Yaşadığımız her günün sonuna kadar tadını çıkartmalıyız. Korkmayın; bu bir kişisel gelişim cümlesi değildir. Günün sonunda vardığım en net sonuçtur.
Baksanıza kar yağdığında bile ortalık birbirine gidiyor. Bütün modernliğimiz, gelişmişliğimiz, imkânlarımız, büyüklüğümüz, yatırımlarımız bir avuç kar tanesine bakar.
İşte o kadar!
Gördüğünüz gibi şıp(!) diye bitiverdik. Küt(!) diye kilitleniverdik, pat(!) diye durduk.
Sanırsınız şehre çığ düştü, tsunami aldı ne varsa götürdü. Hortum geldi.
Sadece kar yağdı. Millet yolda kaldı.
Küçük bir örnekle; Çağlayan'dan Zincirlikuyu'ya dört saatte varıldı.
Metrobüs "stop".
Arabalı vapur "game over".
Boğaziçi Köprüsü kapandı.
Köprüde "Avrasya Eve Önce Kim Varacak Koşusu" çerçevesinde vatandaş yürüdü.

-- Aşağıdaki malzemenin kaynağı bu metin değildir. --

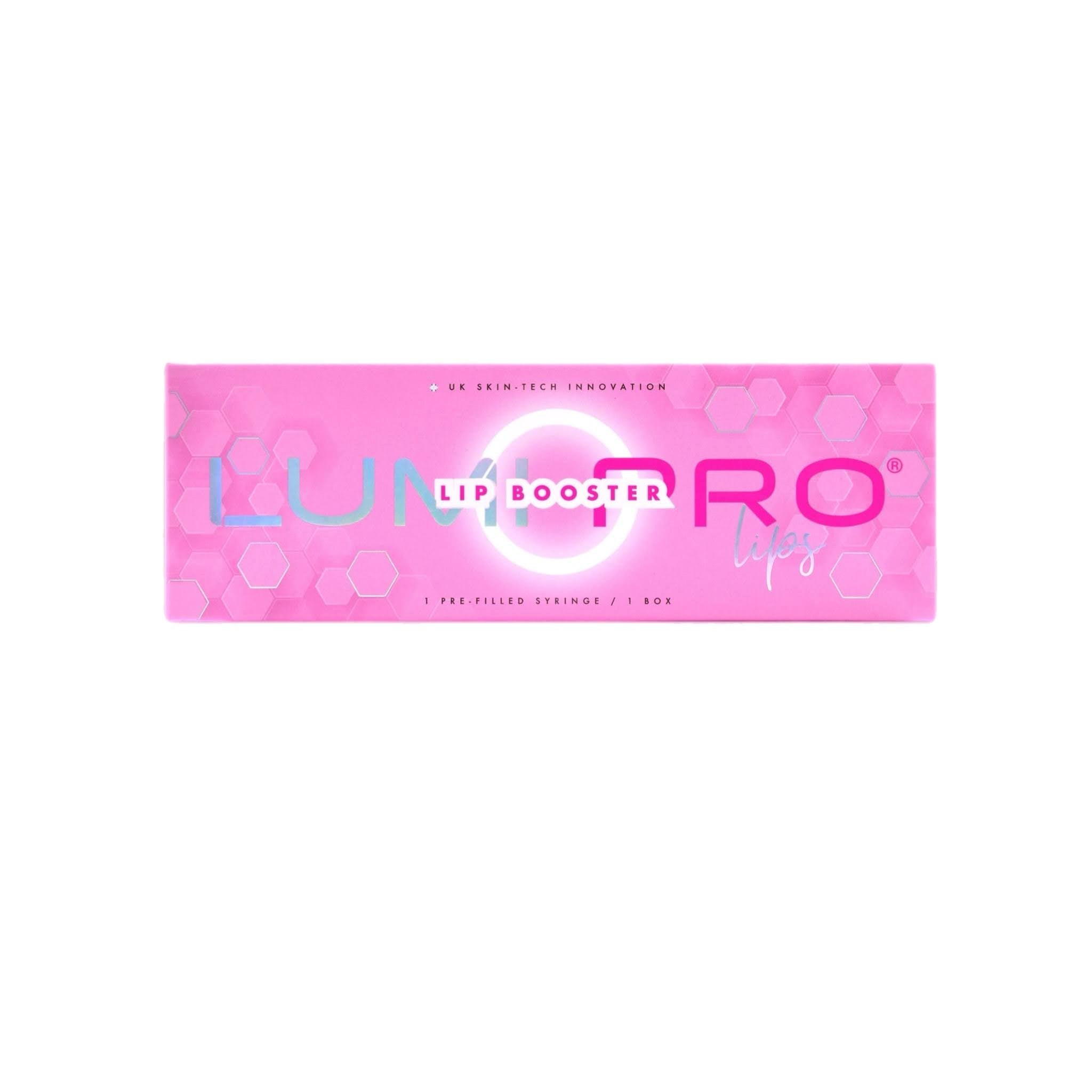 Lumi-Pro lip booster serum for enhanced lip volume, for licensed UK permanent makeup and aesthetic professionals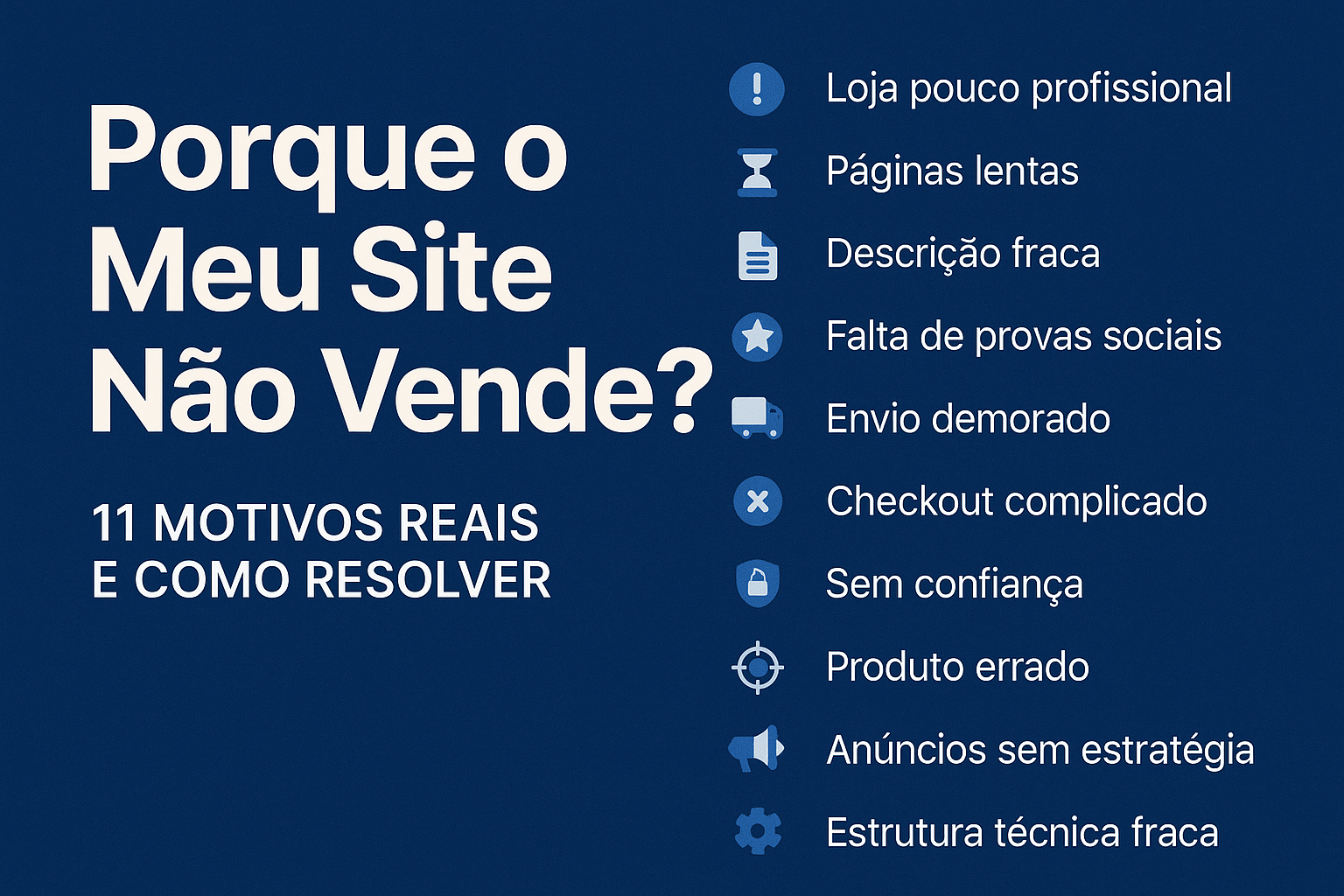 vende-drop Porque o Meu Site Não Vende? 11 Motivos Reais e Como Resolver (Guia 2025)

Otobüs duraklarında izdihamdan ezilenler oldu.
Avrupa yakasındaki işlerinden Anadolu yakasındaki evlerine sekiz dokuz saatte varanlar tespit edildi.
Aile bireyleri evde kavuşunca gözyaşları sel oldu.
Yolda benzini bitenleri, arabası bozulanları hiç saymıyorum.
İstanbul Büyükşehir Belediyesi'nin de bu arada ne yaptığını kimse çözemedi tabii. Mesela yüzlerce radyo kanalından, televizyonlardan ya da sanal ortamdan yol durumu uyarılarında bulunmak zorlarına mı gitti?
Mesela Boğaziçi Köprüsü'nün bir süre trafiğe kapatıldığı İstanbullular'a neden bildirilmedi?
Mesela kaldırımdan yürümek kar yağınca yasak mı?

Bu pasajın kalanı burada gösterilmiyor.